We are the experience consultancy, and so we strongly advocate to our clients that they start any improvement by considering the experience they want to deliver. Motivated by their customers, our clients aim for a Customer Experience (CX) that aligns to their values, the value proposition of their services or products, and their organisation’s brand. Analysis and design of CX is therefore a strategic consideration in pursuit of the right balance of customer value, business value and employee experience.
By contrast, designing how the intended CX will be delivered (‘Service Design’) is an operational challenge; and it affects every part of the operating model. Processes are driven by their touch-point with the customer. Technology and data change in order to automate processes and analyse their performance. Capabilities adapt to perform new roles; and governance responds to demands for quality and compliance.
Service Design depends on design choices being made by reference to the human they benefit (a form of ‘human-centred design’); but this is not always how it is executed. As organisations move from the strategic agenda into execution, their focus moves from the experience that will be delivered to the operations that will be performed. Operational effectiveness (‘doing the right thing’) can be sacrificed in pursuit of operational efficiency (‘doing the thing right’).
Some organisations progress by designing a static Target Operating Model (TOM) that defines the success of any subsequent implementation. In the absence of implementation and experimentation, this TOM’s design choices rely on leadership biases and top-down business analysis; and so the CX that this TOM will deliver begins to drift off-target (i.e. a failure to apply ‘Service Design thinking’).
Those organisations that apply an agile mindset avoid this drift, by testing their design choices early and often. In collaboration with front-line staff and carefully selected customers, they validate their vision and design principles, they prototype and test key touch points in their future processes, and they adjust their designs accordingly. In this way, such organisations maintain the link between the Service Design and the CX it delivers. Additionally, the evolution of ideas from both a strategic and customer-facing perspective increases ownership of the new operating model.

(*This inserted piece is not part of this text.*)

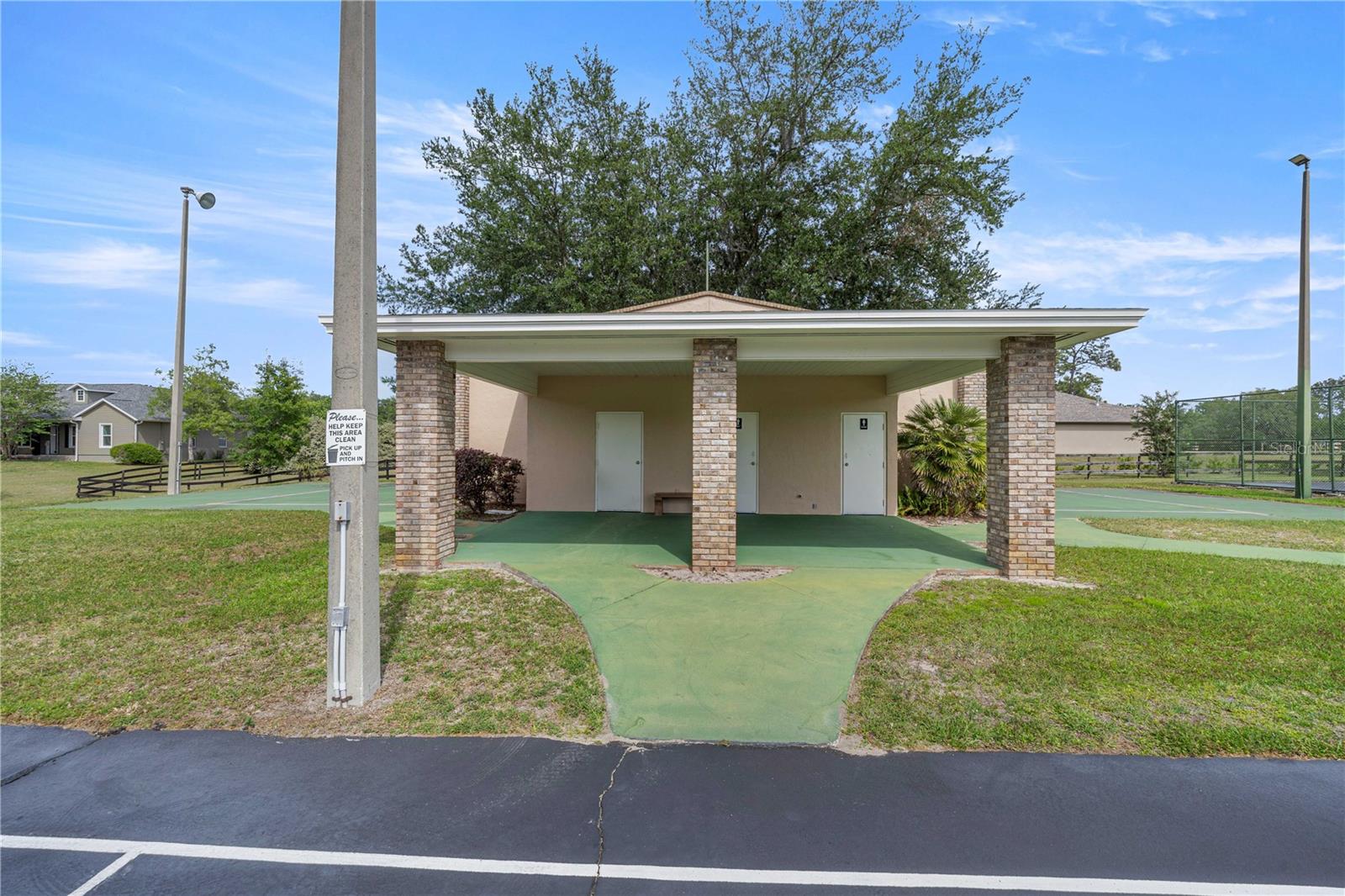 Image 47 of 55 For 5927 62nd Court Road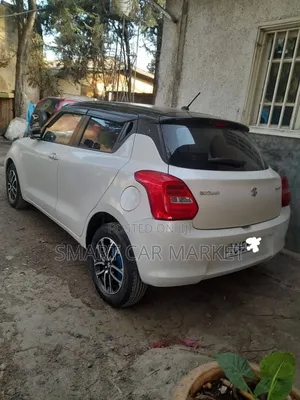Suzuki Swift 2023 White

Employees feel a heightened sense of empowerment and ownership of the new operating model, which reduces its delivery risk.
Once the new operating model is in effect, ongoing CX has a strong dependency on the people who deliver it. The operating model is a ‘model’ because it’s an ideal. In execution, the organisation can always expect some variation from the model. It’s not possible for the Service Design to take account of all possible scenarios; and so employees play a critical role in the delivery of CX under the changing circumstances of day-to-day work. As a result CX has a critical dependency on Employee Experience (EX).
This dependence on EX manifests itself in many ways. There are practical considerations, such as maintenance of knowledge through reduced churn, or improved capacity planning through reduced sick-leave. Beyond these there are more intangible benefits of engaged employees, who are motivated and empowered to do the right thing. Customers feel the difference. This is true from front-line staff all the way through the organisation – as a customer, I expect you know when you’re talking to a call-centre worker who is disengaged from their work, even if they resolve your problem; and the difference matters.
One result of all this complexity is that it is a non-trivial task to make and maintain the link between CX and Service Design. It takes experience to deliver the service as designed; and when that happens it’s a positive experience for everyone.